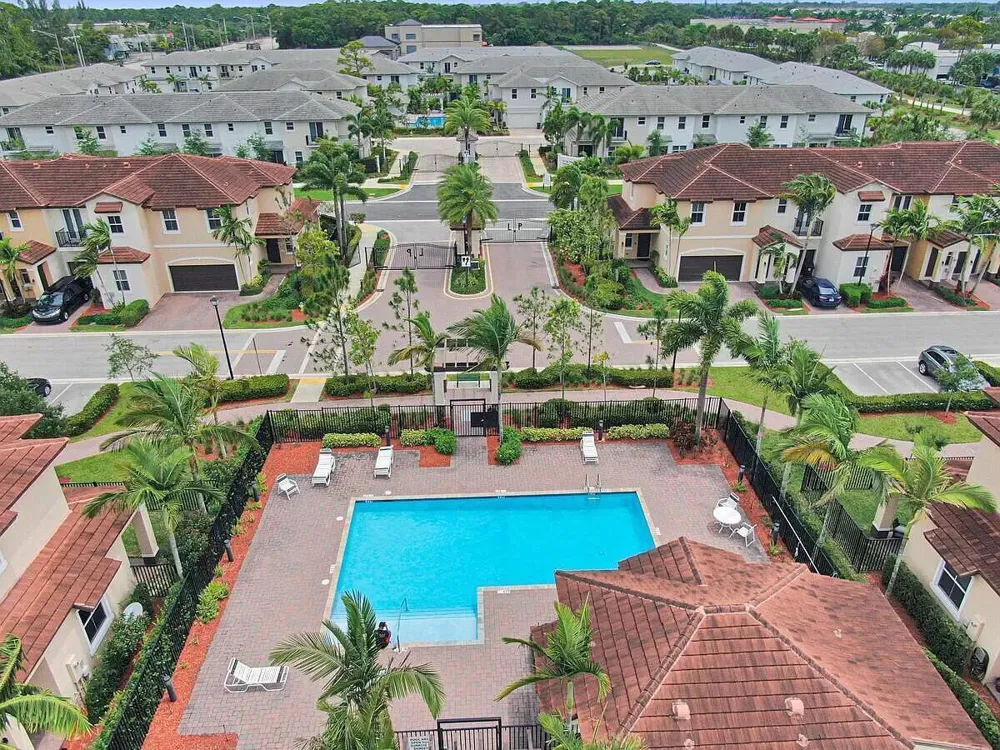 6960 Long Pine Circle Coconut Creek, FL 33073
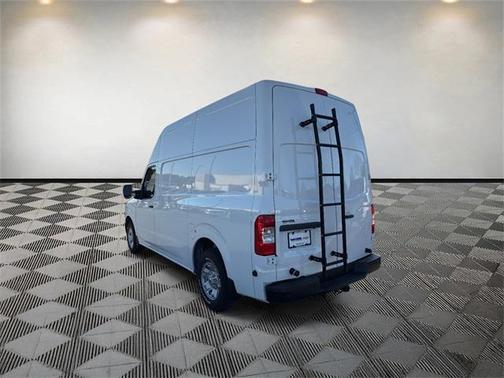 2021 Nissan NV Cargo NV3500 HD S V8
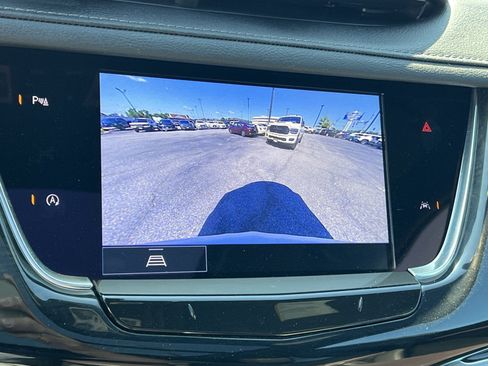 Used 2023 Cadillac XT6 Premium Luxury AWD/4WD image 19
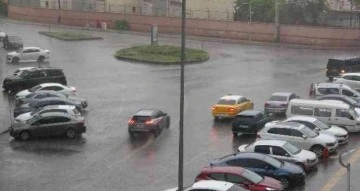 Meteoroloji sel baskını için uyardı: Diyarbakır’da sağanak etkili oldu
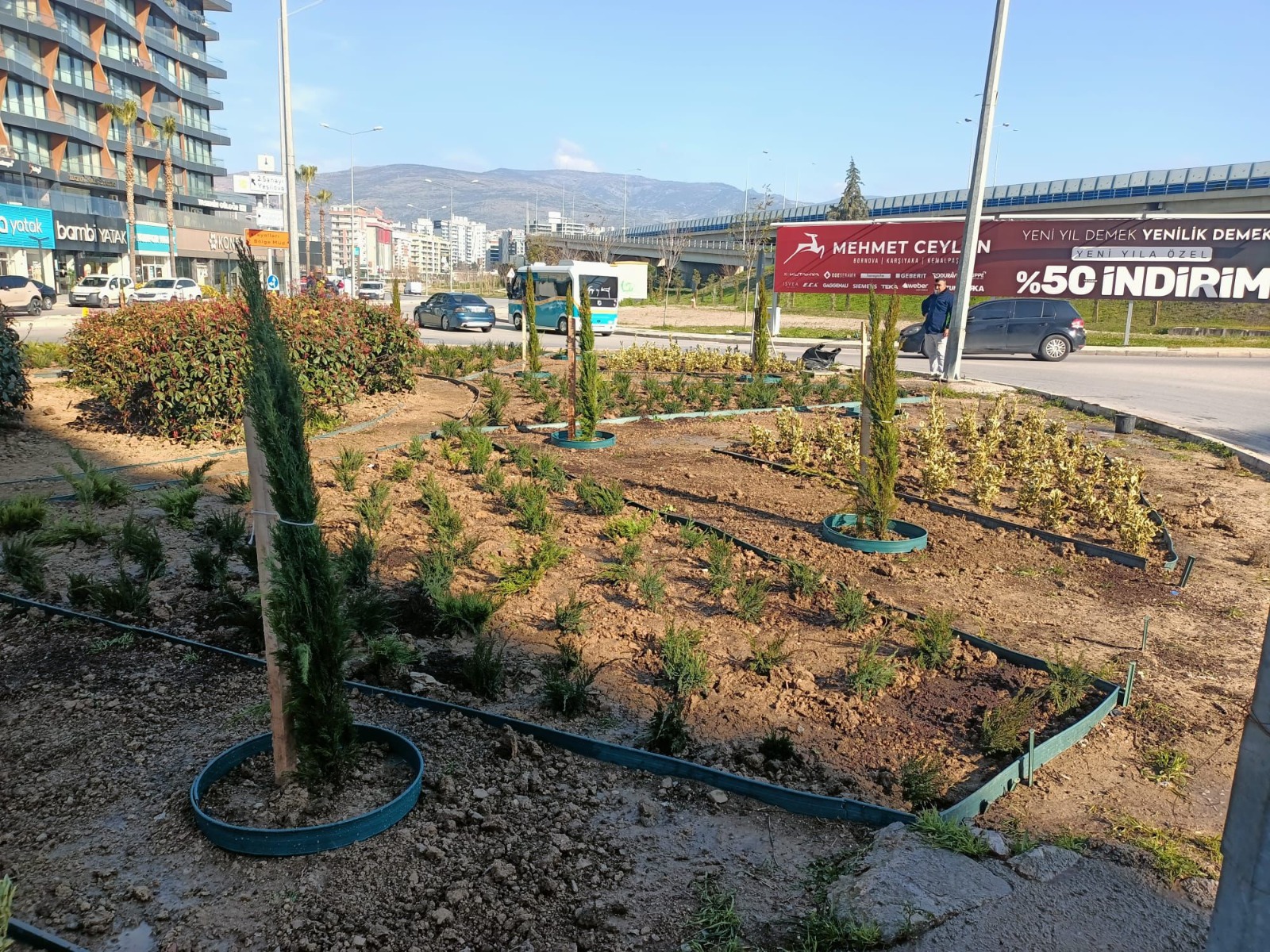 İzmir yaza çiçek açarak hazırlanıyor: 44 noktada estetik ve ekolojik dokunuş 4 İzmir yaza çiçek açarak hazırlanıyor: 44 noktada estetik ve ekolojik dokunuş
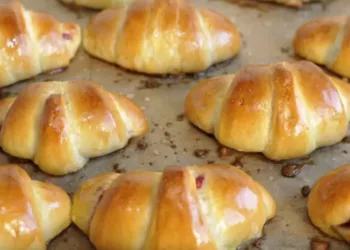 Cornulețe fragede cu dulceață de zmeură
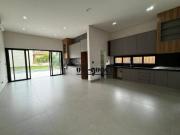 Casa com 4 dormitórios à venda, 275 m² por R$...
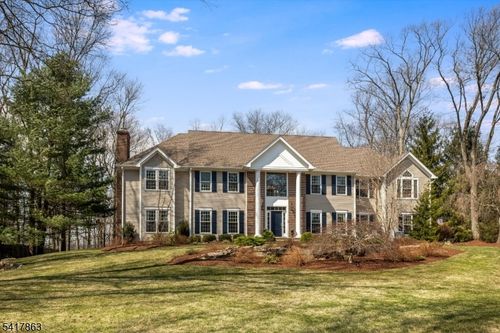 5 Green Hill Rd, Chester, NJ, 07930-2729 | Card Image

===============

== TASK GOAL ==
Only the lines from the one holding "Used 2023 Cadillac" through the end of the data are to be printed, exactly as they stand and with no pictures.

== SOLUTION ==
 Used 2023 Cadillac XT6 Premium Luxury AWD/4WD image 19
 Meteoroloji sel baskını için uyardı: Diyarbakır’da sağanak etkili oldu
 İzmir yaza çiçek açarak hazırlanıyor: 44 noktada estetik ve ekolojik dokunuş 4 İzmir yaza çiçek açarak hazırlanıyor: 44 noktada estetik ve ekolojik dokunuş
 Cornulețe fragede cu dulceață de zmeură
 Casa com 4 dormitórios à venda, 275 m² por R$...
 5 Green Hill Rd, Chester, NJ, 07930-2729 | Card Image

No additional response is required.